AWS Outage: Some Comment and Analaysis

UPDATED 30.10.2025

Sarah Ouarbya, Insurance Partner, Forvis Mazars comments:

“The recent AWS outage is a stark reminder of just how dependent the insurance and wider financial services sectors have become on a handful of technology providers. When a single cloud failure can interrupt banking apps, tax systems and insurers’ digital services all at once, it stops being a technology issue and becomes one of operational resilience. For insurers, this incident highlights why the new UK Critical Third Parties regime matters. It’s designed to make sure firms understand and test the resilience of their most important service providers and not just their own systems. That means knowing where the real points of dependency lie, asking tougher questions of cloud and data partners, and having credible contingency plans in place.

“The preliminary insured loss estimate for the AWS outage has been reported to be between $38 million and $581 million. This means insurers face a dual impact: the cost of claims resulting from the outage and the disruption to their own operations.

“The insurers who emerge strongest will be those that treat resilience not merely as a compliance requirement, but as a competitive and reputational asset. As underwriting conditions continue to soften and competitive pressures mount, demonstrating a well-considered and proactive approach to operational resilience will become a key litmus test of trust among clients, counterparties, and supervisory authorities.

“This is particularly timely as regulators prepare to designate the first Critical Third Parties, events like the AWS outage become case-studies for the risk-chains that the regime is designed to catch. For an insurer that can demonstrate through public commentary, board oversight, and vendor governance that it has robustness built into its third-party relationships (not just its own systems) there is an opportunity to build trust and credibility. In short, operational resilience is fast becoming a key differentiator.”

AWS services have suffered a major outage today, which has no doubt impacted many insurance brands who run their systems on AWS platforms. Here is some comment we found, plus we checked in with a few of the affected sites and services.

UPDATED 23.10.2025

John Paul Allcock, Managing Director at NFP adds these thoughts;

“The ongoing fallout from the AWS outage, that hit over 1,000 companies and millions of users, shows just how far-reaching cyber incidents can be.
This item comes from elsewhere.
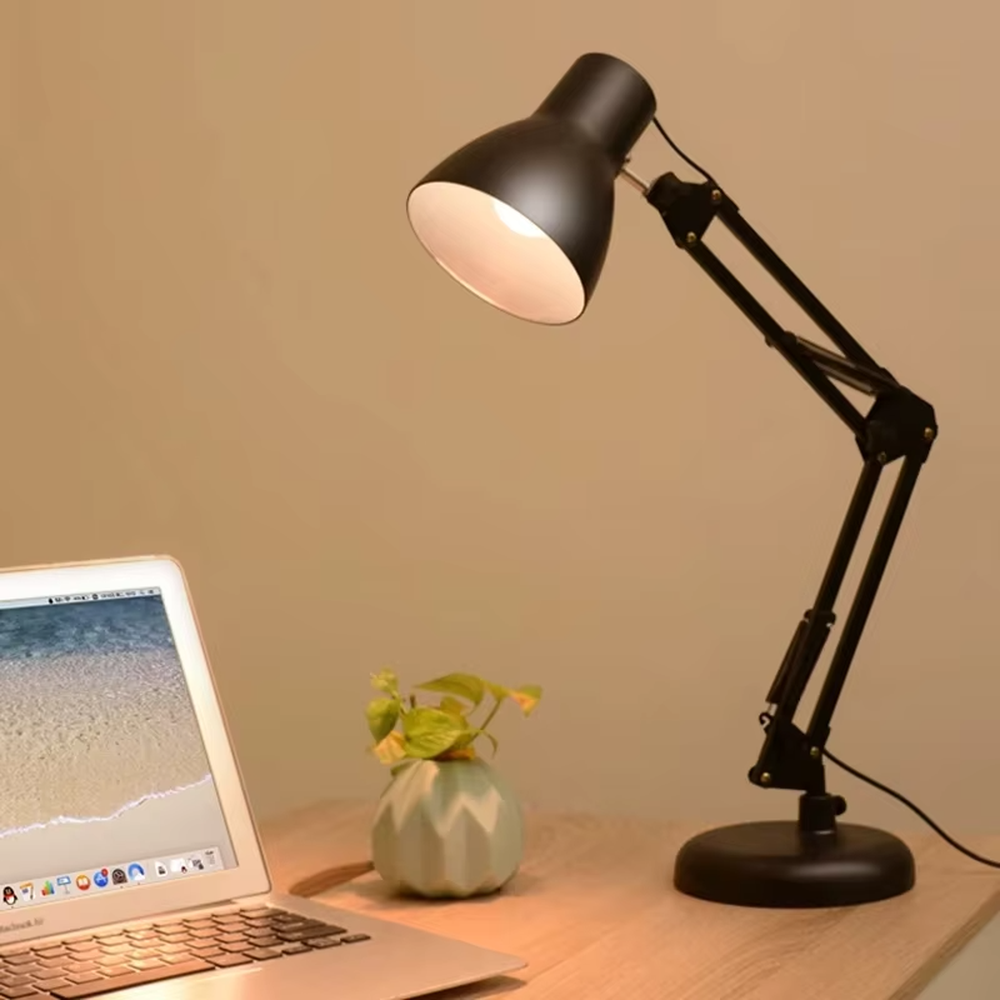 Industrial style long-arm folding table lamp, black iron lamp body with conical lampshade, multi-joint adjustable angle, focused and eye-protective light, used for lighting in desks, workbenches and other areas, suitable for industrial-style homes, office areas, student study rooms, etc.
“Whilst this incident appears to have been due to a common occurrence – a Domain Name System (DNS) error – it’s a stark reminder that almost every business, regardless of size or sector, depends on digital services at its core. That dependence is a vulnerability that must be prioritised to insure against the potentially huge knock-on effects of cyber outages.

“As with most insurance products, you see the real value in the event of a claim, no more so than cyber incidents. Businesses affected by these issues often face disruption to normal working conditions at the least, with uncertainty of when systems can return to normal, through to the change of significant financial and reputational loss impacting the confidence of customers, suppliers, investors, and other key stakeholders.”

UPDATED 21.10.2025

Vonny Gamot, Head of EMEA at online protection company McAfee: “AWS’ massive outage reminds us just how interconnected our digital world has become. When a single service like Amazon Web Services goes down, it’s not just businesses that feel the impact, it’s consumers trying to access everyday essentials like banking apps, emergency services, or even their favorite platforms like Fortnite and Snapchat. The complexity of our shared cloud infrastructure means a glitch in one system can send shockwaves across the internet. But outages like this aren’t just inconvenient, they can be risky. Cybercriminals thrive in the confusion, exploiting the moment with fake support scams, phishing emails, and malicious links posing as fixes.”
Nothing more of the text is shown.